Cardiovascular disease risk factors

What are cardiovascular disease risk factors?

Risk factors for cardiovascular disease are particular habits, behaviors or conditions that make an individual more likely to develop cardiovascular disease.

Cardiovascular disease is a broad term used to describe all conditions affecting the heart and circulatory system, including coronary heart disease, stroke, heart attack and aortic disease. Possessing one or more risk factors increases a person’s risk of developing cardiovascular disease; it does not, however, mean that cardiovascular disease is an inevitability.[1]

Cardiovascular disease risk factors can be split into two categories: modifiable and non-modifiable. Modifiable risk factors are those that can be changed, whereas non-modifiable factors are those that cannot. Smoking, for example, is a modifiable factor, as an individual is free to quit smoking. Family history, however, is not, because genetics cannot be changed.[2]

Cardiovascular disease risk factors

Cardiovascular disease risk factors can be classified as modifiable or non-modifiable. Non-modifiable cardiovascular disease risk factors are those that cannot be changed. These include a person’s age, ethnicity and family history, among other factors. Modifiable cardiovascular disease risk factors are those that can be reduced with altered behavior. By making certain lifestyle changes, at-risk individuals are able to lower their chances of developing cardiovascular disease. Examples include smoking, diet and exercise.

Family history

There is a genetic element to cardiovascular disease, meaning a family history of the condition is considered to be a risk factor. Generally, this applies if a person’s father or brother developed cardiovascular disease before the age of 55, or their mother or sister developed it before the age of 65.[3] A family history of high blood pressure, high cholesterol and type 2 diabetes can also increase one’s chances of developing these conditions, which can in turn cause cardiovascular disease.

Having a family history of cardiovascular disease does not mean the condition is inevitable, but does make it more likely. Leading a healthy lifestyle is generally recommended to help reduce the risk of cardiovascular disease in those with a genetic predisposition to the condition.

Age

Older people are at greater risk of developing cardiovascular disease. Although the process of aging cannot be helped, leading a generally healthy lifestyle is recommended to help reduce the chance of developing the condition.

Ethnicity

Statistics show that people of South Asian, African or Caribbean descent have a greater risk of developing cardiovascular disease. Type 2 diabetes – a risk factor in itself for cardiovascular disease – is also more prevalent among these demographics. The reasons for this are difficult to define, but leading a healthy lifestyle is recommended as a way to help prevent the condition from developing.[4][5]

Sex

Despite the common misconception that men are more at risk of cardiovascular disease than women, the opposite is actually true. Due to a variety of factors – including incidences of diabetes, high blood pressure and high cholesterol – women are at greater risk of cardiovascular disease; however, they generally develop the condition at an older age than men.[6] This later age of onset is thought to be linked to the hormonal changes that follow menopause.[7]

Socioeconomic status

People from a low socioeconomic background are at a greater risk of cardiovascular disease. Although the reasons behind this are multiple and their relationships complex, diet is generally considered to be one of the biggest factors in this, with those from a higher socioeconomic background typically having greater access to a more nutritionally-balanced diet.[8]

Cholesterol

High levels of low-density lipoprotein (LDL) cholesterol – also known as bad cholesterol – are linked to a range of cardiovascular diseases. Cholesterol is a fatty substance that is carried around the body by proteins. If too much LDL is present, it can cause fatty substances to build up in the artery walls and lead to complications.
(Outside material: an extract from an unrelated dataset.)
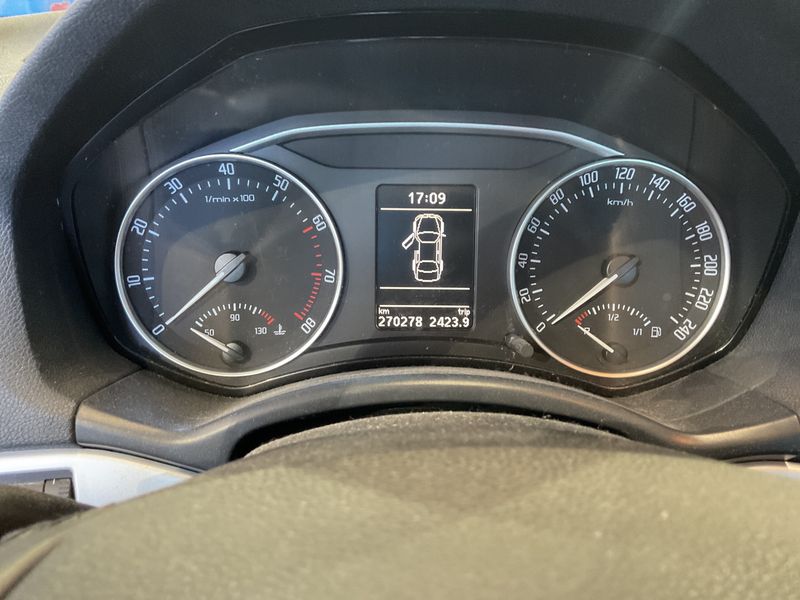 Skoda Octavia 1.2 TSI Ambiente 2011 – снимка 4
High levels of LDL are often caused by factors such as an unhealthy diet, smoking, physical inactivity, high alcohol intake and liver and kidney disease. To reduce LDL levels, individuals should eat a balanced diet, undertake regular exercise and quit smoking. Those with extremely high levels of LDL cholesterol may be prescribed medication, most often statins.
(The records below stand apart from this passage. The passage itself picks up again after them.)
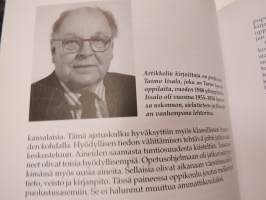 Tulevaisuutta rakentamassa  Turun Lyseo 1903 - 2003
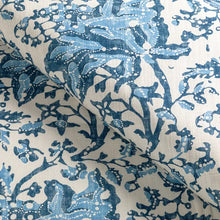 Load image into Gallery viewer, Brunschwig &amp; Fils Weymouth Print Fabric / Indigo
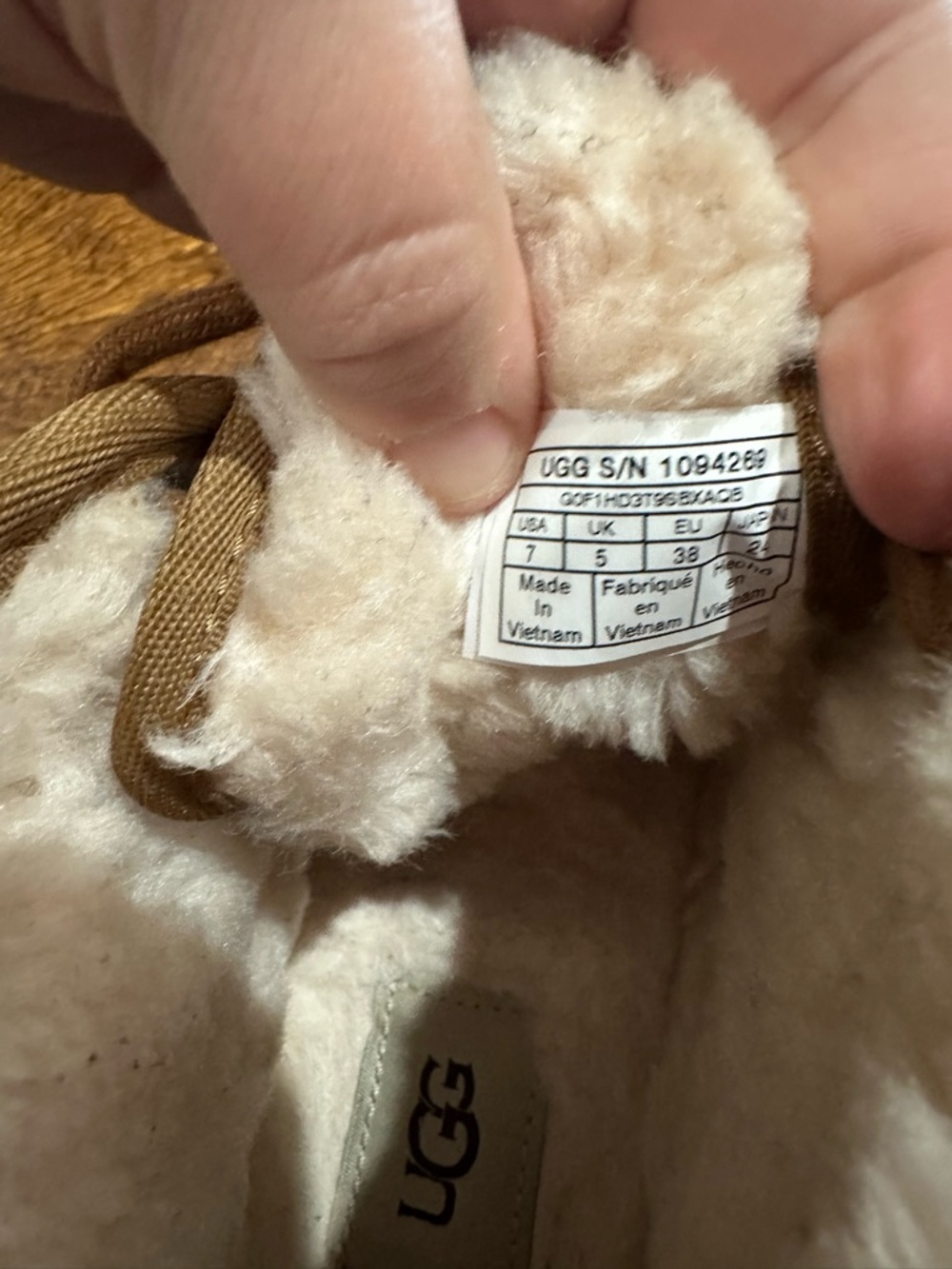 UGG Neumel Women’s lace up boots - Picture 8 of 12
Blood pressure (hypertension)

High blood pressure (or hypertension) is another contributing factor to cardiovascular disease, including heart failure, stroke and heart attack. High blood pressure is often symptomless, but can be easily diagnosed by a doctor, using a routine test.

High blood pressure is often linked to being overweight, physical inactivity, a high intake of salt or alcohol or a family history of the disorder, but in some cases may have no apparent cause. Lifestyle changes may help to reduce high blood pressure and, in severe cases, medication may be prescribed.[9]

Diabetes

Having diabetes, a condition that causes high levels of glucose in the blood, is a risk factor for developing cardiovascular disease. High glucose levels can damage the artery walls and make the buildup of fatty deposits (atheroma) more likely. If these fatty deposits occur in the coronary arteries, they can lead to possible coronary heart disease and heart attack.

There are two types of diabetes: type 1, which involves the body being unable to produce insulin and which usually develops in children and young adults, and type 2, which is more likely to affect older people, though is becoming more common in younger people, and which involves the body either not making enough insulin or the body becoming resistant to insulin. Type 2 diabetes is closely associated with being overweight and physical inactivity.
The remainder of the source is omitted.